Maq similarly looks at the band and their three albums as her “proudest achievement”, noting that they “went through so much but in the end, we saved ourselves and we ended on our own terms in our own way”. As for Hellmrich, she hopes Camp Cope is “something my kids can look back and feel proud of or be inspired by,” she says. “I never, ever thought I would see or experience even half of the things I got to do during our time as a band. I am so grateful to my bandmates and our supporters for giving us that opportunity.”
Even though Camp Cope has concluded, their impact will live on in those they’ve inspired – many of whom came forward on social media upon their break-up announcement in February to both mourn the band and celebrate the example they set. “Fuck yeah to them empowering an entire new era of fearless non-men and queer people in music,” wrote Cahli Blakers of Adelaide pop punk duo Teenage Joans. “They taught us how to create such a beautiful safe space at our shows, and there is no legacy like following in their footsteps and playing our first headline tour to the most incredibly kind and respectful crowds.”
they taught us how to create such a beautiful safe space at our shows, and there is no legacy like following in their footsteps and playing our first headline tour to the most incredibly kind and respectful crowds. we owe it to them i think :’) fuckin legends
— ms. joan (@cahliblakers) February 8, 2023
“To me, the most significant thing about Camp Cope’s activism is that it was fearless and consistent,” Kira Puru, who considers the trio personal friends, tells NME. “It’s one thing to throw up a post about something you feel passionate about, in your own little echo chamber, one time. But to consistently back up your beliefs with action, whether or not it’s visible, easy or advantageous, or even puts future opportunities at risk? That’s huge.
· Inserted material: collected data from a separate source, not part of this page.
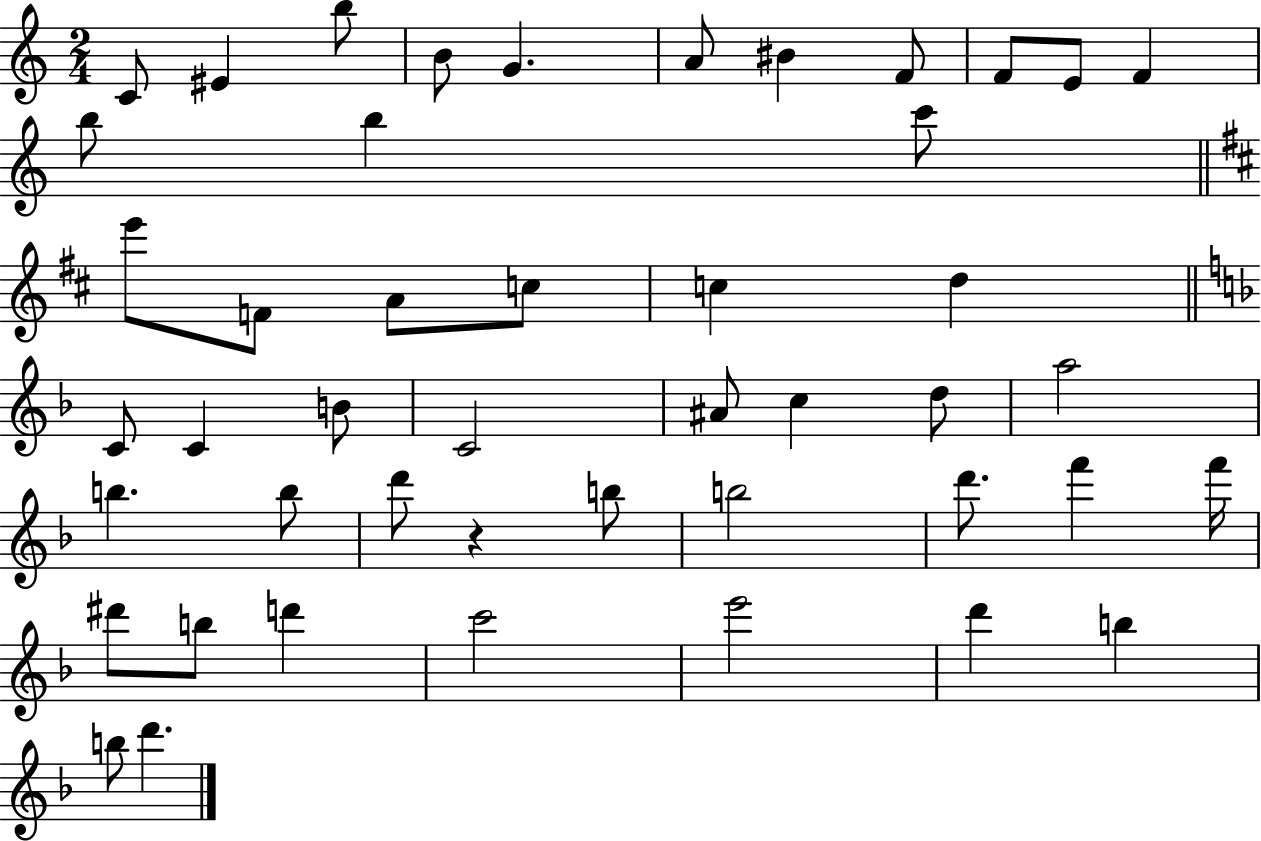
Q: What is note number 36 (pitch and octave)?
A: F6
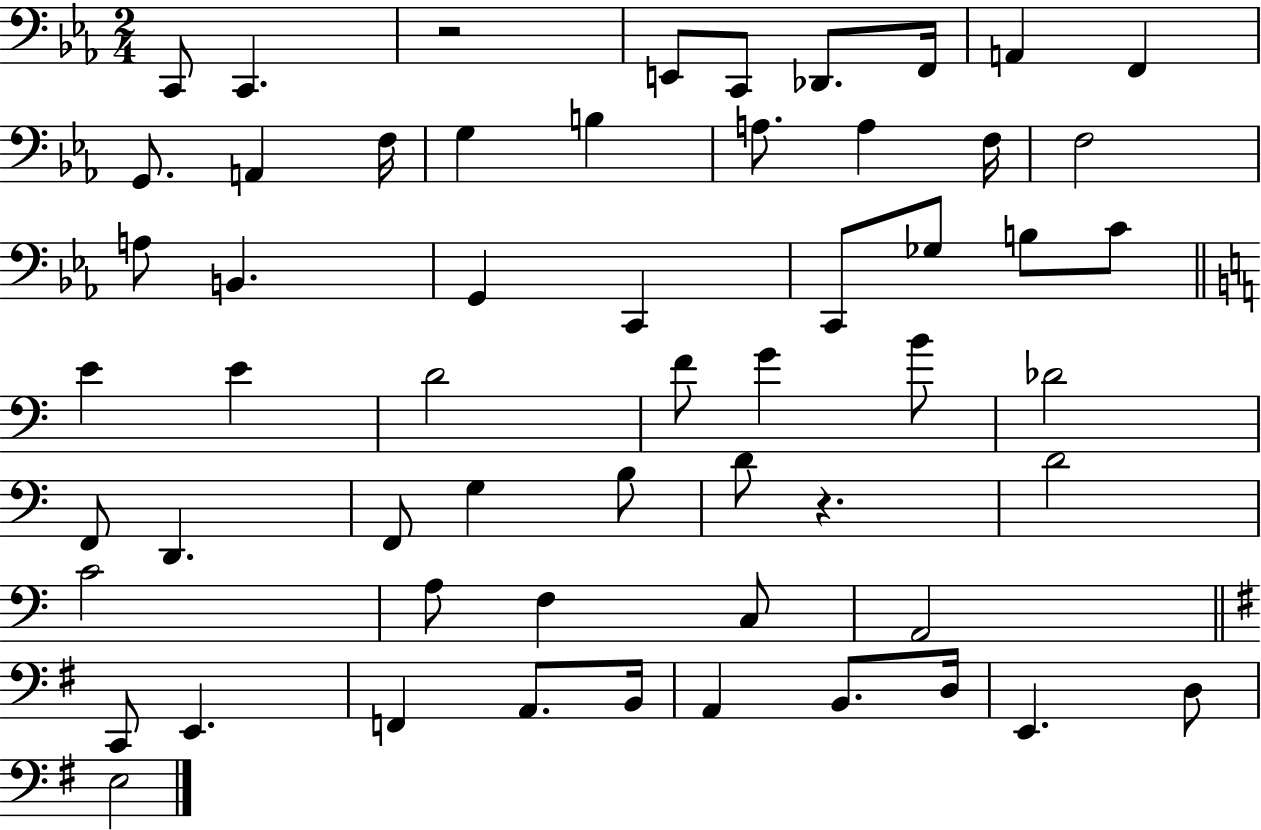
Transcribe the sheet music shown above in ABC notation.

X:1
T:Untitled
M:2/4
L:1/4
K:Eb
C,,/2 C,, z2 E,,/2 C,,/2 _D,,/2 F,,/4 A,, F,, G,,/2 A,, F,/4 G, B, A,/2 A, F,/4 F,2 A,/2 B,, G,, C,, C,,/2 _G,/2 B,/2 C/2 E E D2 F/2 G B/2 _D2 F,,/2 D,, F,,/2 G, B,/2 D/2 z D2 C2 A,/2 F, C,/2 A,,2 C,,/2 E,, F,, A,,/2 B,,/4 A,, B,,/2 D,/4 E,, D,/2 E,2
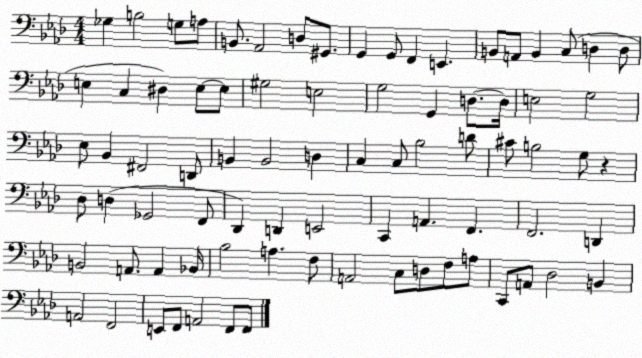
X:1
T:Untitled
M:4/4
L:1/4
K:Ab
_G, B,2 G,/2 A,/2 B,,/2 _A,,2 D,/2 ^G,,/2 G,, G,,/2 F,, E,, B,,/2 A,,/2 B,, C,/2 D, D,/2 E, C, ^D, E,/2 E,/2 ^G,2 E,2 G,2 G,, D,/2 D,/4 E,2 G,2 _E,/2 _B,, ^F,,2 D,,/2 B,, B,,2 D, C, C,/2 _B,2 D/2 ^C/2 B,2 G,/2 z _D,/2 D, _G,,2 F,,/2 _D,, D,, E,,2 C,, A,, F,, F,,2 D,, B,,2 A,,/2 A,, _B,,/4 _B,2 A, F,/2 A,,2 C,/2 D,/2 F,/2 A,/2 C,,/2 A,,/2 _D,2 B,, A,,2 F,,2 E,,/2 F,,/2 A,,2 F,,/2 F,,/2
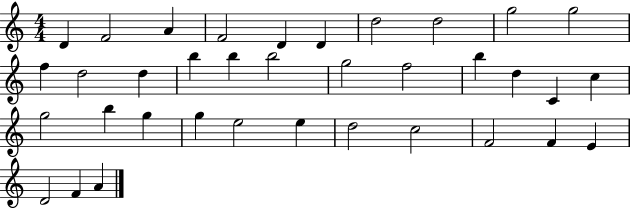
X:1
T:Untitled
M:4/4
L:1/4
K:C
D F2 A F2 D D d2 d2 g2 g2 f d2 d b b b2 g2 f2 b d C c g2 b g g e2 e d2 c2 F2 F E D2 F A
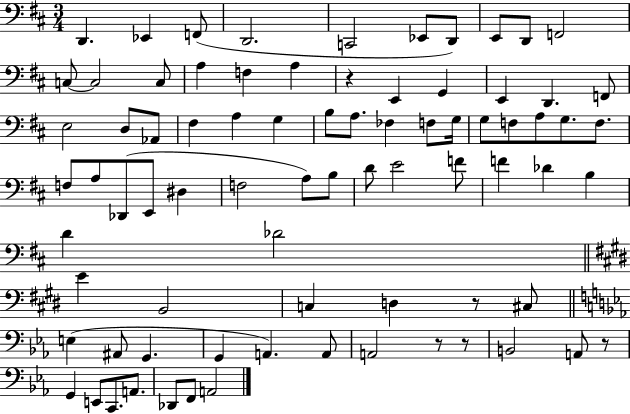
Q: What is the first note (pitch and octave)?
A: D2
“It takes strength and vulnerability in equal measure. It takes heart; a desire to want to create change, and an ability to care about other people, enough to put your interests aside. I wouldn’t say it’s hard, but it’s not easy either. I think maybe some of us needed that to be modelled to understand that we can all be like that. To be reminded that change is possible and it can start with us, here and now.”

We can’t discuss the impact Camp Cope has had on the Australian music industry without mentioning ‘The Opener’. The lead single from ‘How To Socialise And Make Friends’, it’s a withering, evergreen call-out of the men who underestimate and condescend to women without taking any accountability – one always sung with a vicious sneer, and to an audience echoing the lines with rapturous aplomb.
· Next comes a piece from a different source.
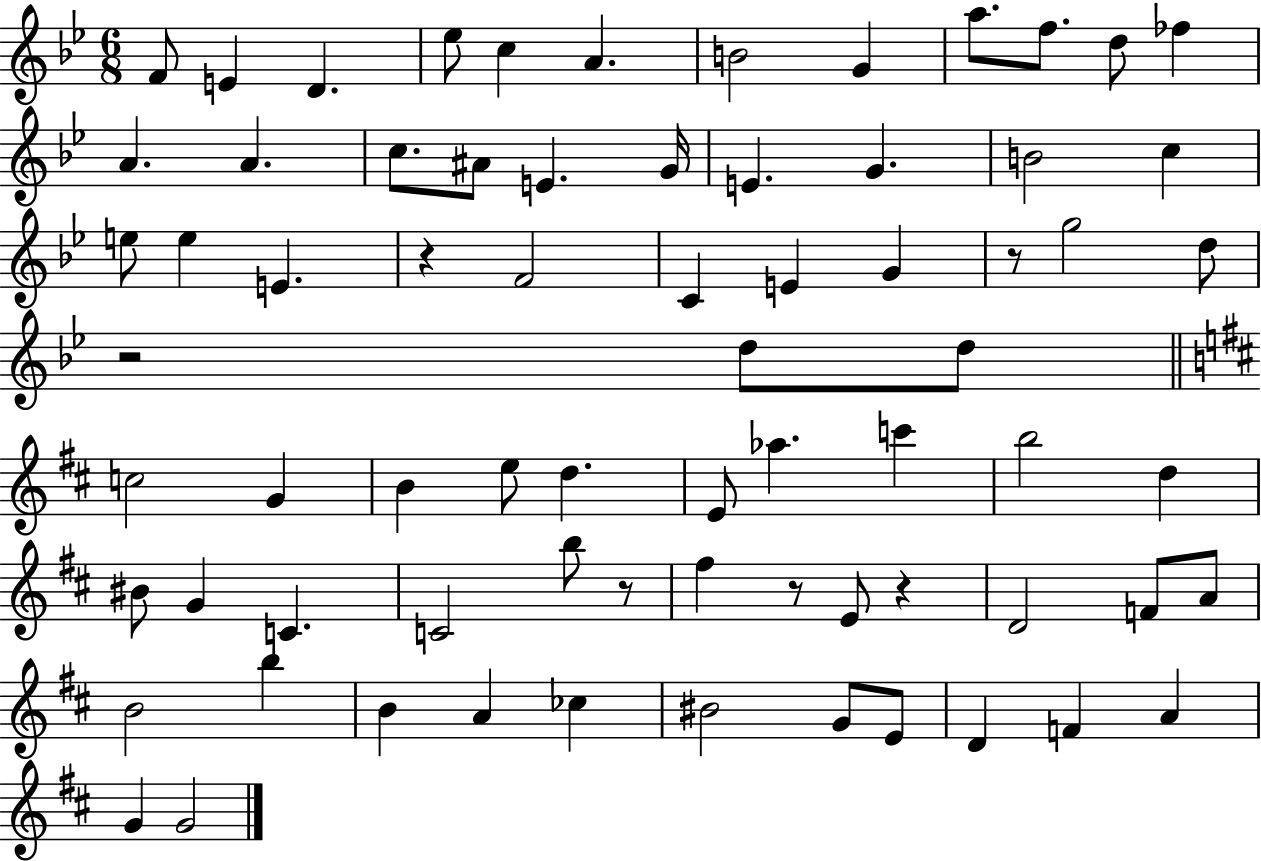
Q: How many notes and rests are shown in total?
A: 72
At the 2017 Falls Festival, Maq changed the lyrics of ‘The Opener’ to address the lack of diversity on the line-up: “It’s another man telling us we can’t fill up a tent,” she sang pointedly in the hook; “It’s another fucking festival booking only nine women.” It was as direct a call-out as any, one that sparked a vital conversation about festival line-ups and who gets opportunities – and who doesn’t – in Australian live music. This conversation about equity and inclusivity was one that Camp Cope had already been pushing forward, from instituting a safe-space hotline for their shows to the 2016 #ItTakesOne campaign to end sexual harassment at gigs.
Camp Cope didn’t form with the intent to change the world. “I personally never went back into music with the intention of being ‘political’ – I just went in as angry about the state of things as I’d always been,” says Thompson. “I had seven years off and came back and nothing had changed. I guess it turns out a lot of people related. Fighting on behalf of those people has always been the number one privilege of doing any of this.”
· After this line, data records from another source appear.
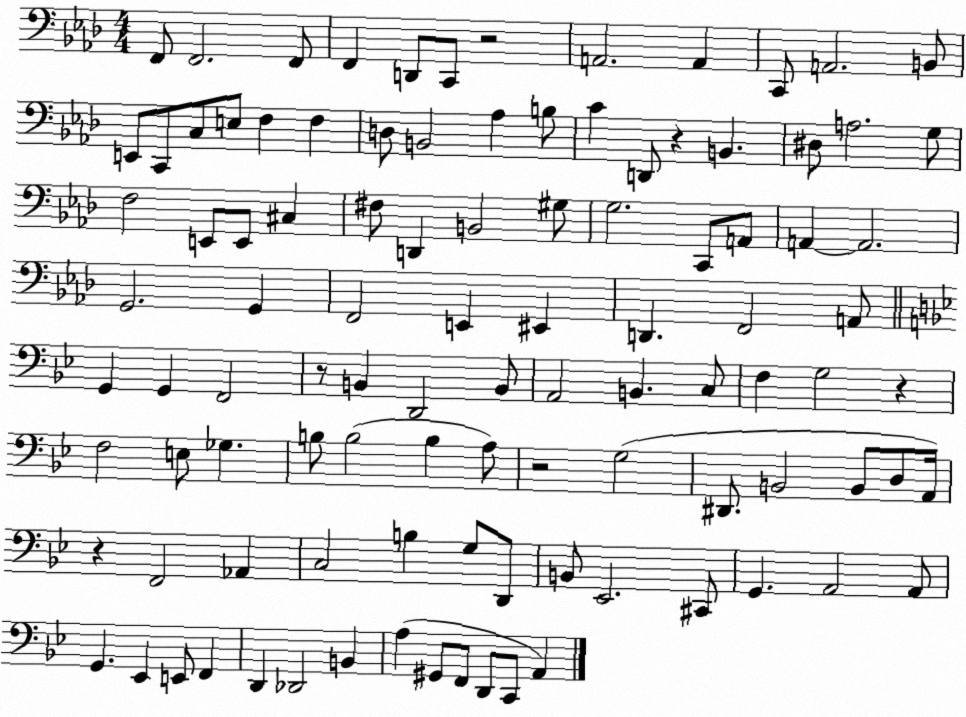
X:1
T:Untitled
M:4/4
L:1/4
K:Ab
F,,/2 F,,2 F,,/2 F,, D,,/2 C,,/2 z2 A,,2 A,, C,,/2 A,,2 B,,/2 E,,/2 C,,/2 C,/2 E,/2 F, F, D,/2 B,,2 _A, B,/2 C D,,/2 z B,, ^D,/2 A,2 G,/2 F,2 E,,/2 E,,/2 ^C, ^F,/2 D,, B,,2 ^G,/2 G,2 C,,/2 A,,/2 A,, A,,2 G,,2 G,, F,,2 E,, ^E,, D,, F,,2 A,,/2 G,, G,, F,,2 z/2 B,, D,,2 B,,/2 A,,2 B,, C,/2 F, G,2 z F,2 E,/2 _G, B,/2 B,2 B, A,/2 z2 G,2 ^D,,/2 B,,2 B,,/2 D,/2 A,,/4 z F,,2 _A,, C,2 B, G,/2 D,,/2 B,,/2 _E,,2 ^C,,/2 G,, A,,2 A,,/2 G,, _E,, E,,/2 F,, D,, _D,,2 B,, A, ^G,,/2 F,,/2 D,,/2 C,,/2 A,,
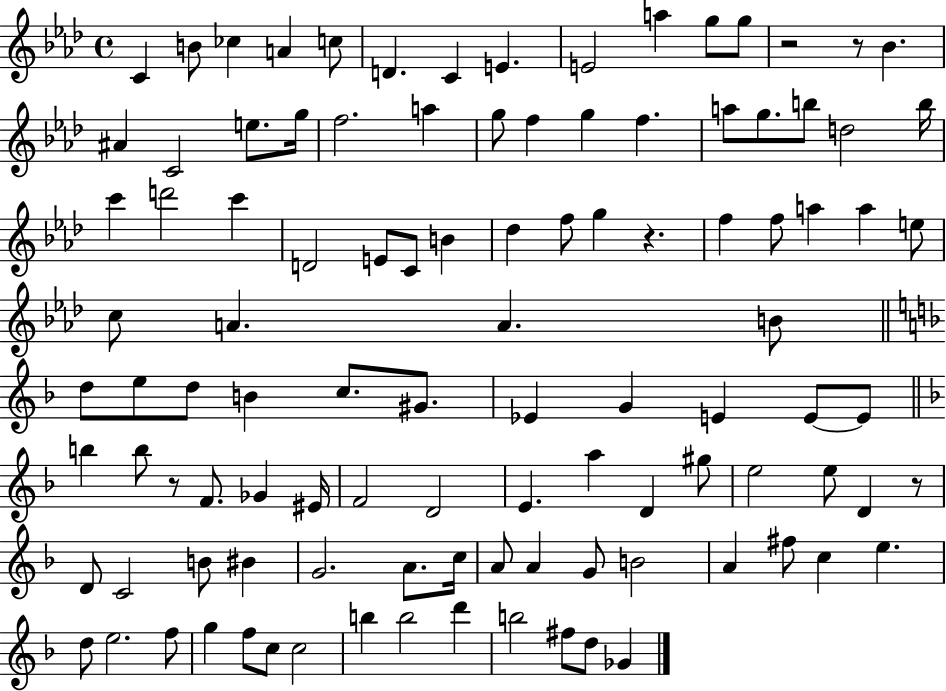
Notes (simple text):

C4/q B4/e CES5/q A4/q C5/e D4/q. C4/q E4/q. E4/h A5/q G5/e G5/e R/h R/e Bb4/q. A#4/q C4/h E5/e. G5/s F5/h. A5/q G5/e F5/q G5/q F5/q. A5/e G5/e. B5/e D5/h B5/s C6/q D6/h C6/q D4/h E4/e C4/e B4/q Db5/q F5/e G5/q R/q. F5/q F5/e A5/q A5/q E5/e C5/e A4/q. A4/q. B4/e D5/e E5/e D5/e B4/q C5/e. G#4/e. Eb4/q G4/q E4/q E4/e E4/e B5/q B5/e R/e F4/e. Gb4/q EIS4/s F4/h D4/h E4/q. A5/q D4/q G#5/e E5/h E5/e D4/q R/e D4/e C4/h B4/e BIS4/q G4/h. A4/e. C5/s A4/e A4/q G4/e B4/h A4/q F#5/e C5/q E5/q. D5/e E5/h. F5/e G5/q F5/e C5/e C5/h B5/q B5/h D6/q B5/h F#5/e D5/e Gb4/q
“The most significant thing about Camp Cope’s activism is that it was fearless and consistent” – Kira Puru
“I couldn’t have said it better than that,” Maq adds. “I’ve always been a fighter and I always wanted to contribute to change for the better. I just hope we did a good job for everyone who felt impacted by us. We didn’t always get it right but we always tried, and we always spoke out because it needed to be done at the time.”
For Hellmrich, Camp Cope began and will end as “three mates making music”. “That was what made it so special, and all of my memories aren’t big career moments but the little things we shared, like laughing fits from being nervous during our first interviews and having to get a talking-to, like schoolchildren, to calm down and do our job.
“Catching the subway in [New York] for the first time, [spending] New Year’s Eve together in airport hotels, stepping in pee on aeroplanes, singalongs on long car rides, finding floors to sleep on in strangers’ living rooms… There was so much genuine love and connection and I really feel like the music community and fans felt that and became a part of it too.”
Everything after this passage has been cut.